Complicating the timing is a motion from the federal government to strike down several sections of Merlo’s original statement of claim.
Those sections largely focus on technical legal points, such as whether the federal government can be held directly negligent for RCMP officers’ actions if they don’t relate specifically to policing, or whether RCMP officers have an explicit contract of employment with the federal government that includes a duty to protect them from harassment.
The government is also arguing Merlo filed her lawsuit too late, since she had been out of the force for more than two years, and shouldn’t be allowed to proceed at all.
The federal government wants the court to hear its arguments next month, but Klein argued in court the government’s motion to strike portions of Merlo’s lawsuit should be heard at the same time as the class-action certification.
The judge did not rule on either the timing of government’s motion or the certification hearing, or whether they will be held together.
Klein said the federal government should focus on negotiating an end to the case rather than continuing to allow the case to drag on.
“We’ve proposed to them that we sit down with a mediator and talk about solutions,” said Klein.
“So far, they’ve said ‘No’ to sitting down to talk.”
Inside court, Mitchell Taylor, a lawyer for the federal government, said it would be “premature” to consider mediation at this stage.
Among the people in the public gallery for Tuesday’s hearing was Mary Kostashuk, a former RCMP sergeant who has approached Klein about joining the class-action case.
Kostashuk retired in April after a career that spanned more than three decades, mostly in the Vancouver-area. Before she retired, she worked in commercial crime and market enforcement.
Kostashuk said she experienced years of name-calling and bullying in what she described as a “toxic” workplace, but she said when she attempted to complain in 2009, she was told it was her that was the problem.
However, she hesitated when asked whether she believed her alleged treatment was related to her gender.
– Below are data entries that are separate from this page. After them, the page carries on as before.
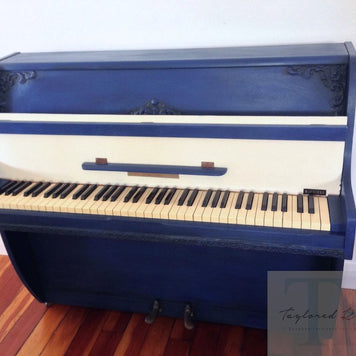 Commissioned vintage piano (onsite work)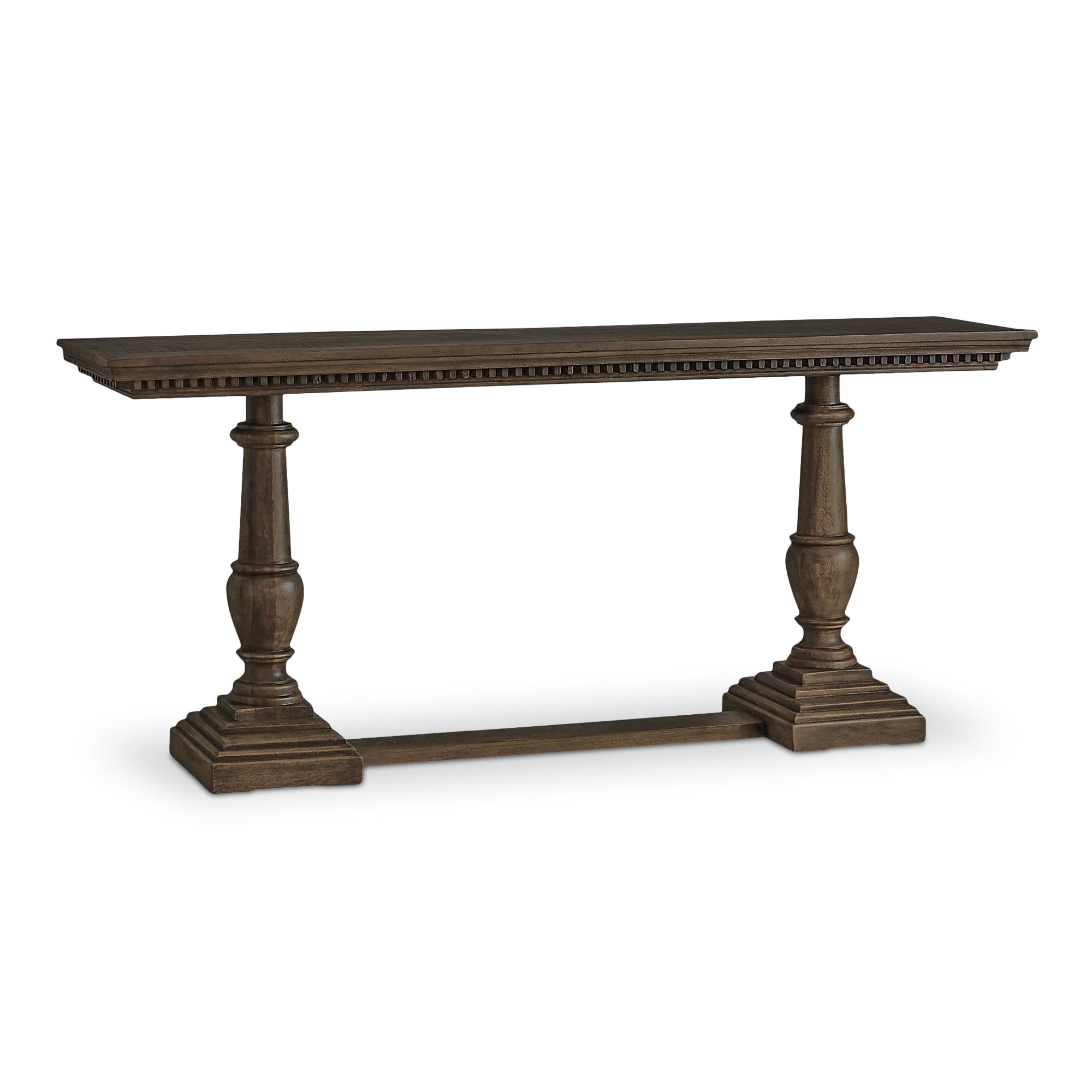 Everson Console Table Brown 2 Everson Console Table Brown - Image 2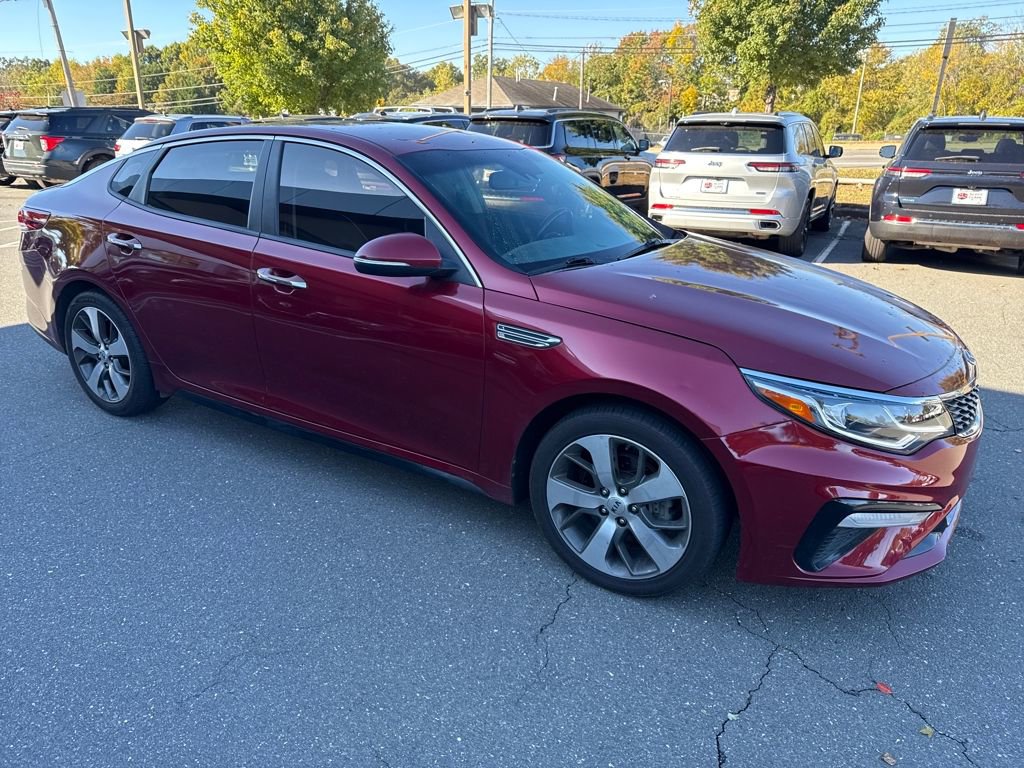 Used 2020 Kia Optima S image 7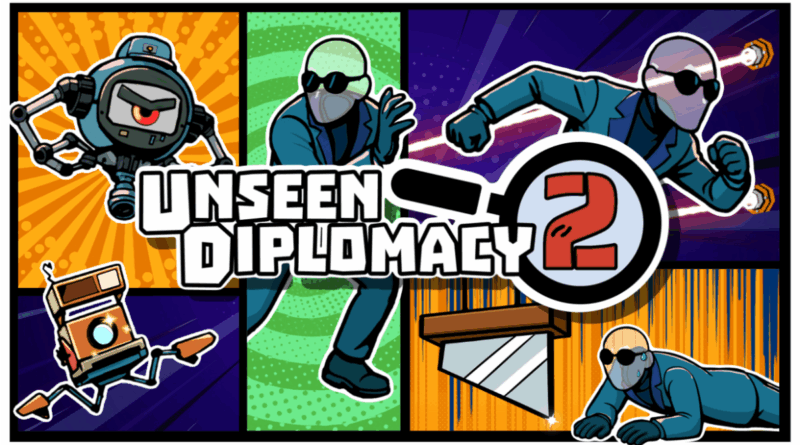 Missione accettata: il trailer di Unseen Diplomacy 2 pronto al debutto all’UploadVR Showcase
“I was called names, I was left out of certain projects,” she said outside court, standing next to Klein.
“I felt that it was about supervisors’ lack of abilities to supervise. For me, it’s hard to tell (whether it was gender-based), because I was naive and people have to tell me to give my head a shake and say, ‘The things that happened to you were because you were female.'”
Merlo is among several female Mounties who have filed lawsuits in recent years, the most high profile of which is Catherine Galliford, a former RCMP spokeswoman who has become the face of the mountain of claims of harassment within the force.
In several of those cases, the federal government has filed statements of defence that deny the allegations and instead blame the women for either not taking steps to report the alleged abuse or by making their own situations worse.
Last year, the force’s British Columbia division produced a report that found female Mounties felt there was little consequence for sexual harassment. While the report concluded such harassment was not widespread, many of the women who participated in focus groups for the report recalled their own stories of being bullied and harassed.
The RCMP responded to the report by announcing an online tool to help RCMP members to report harassment and a team of dedicated harassment advisers.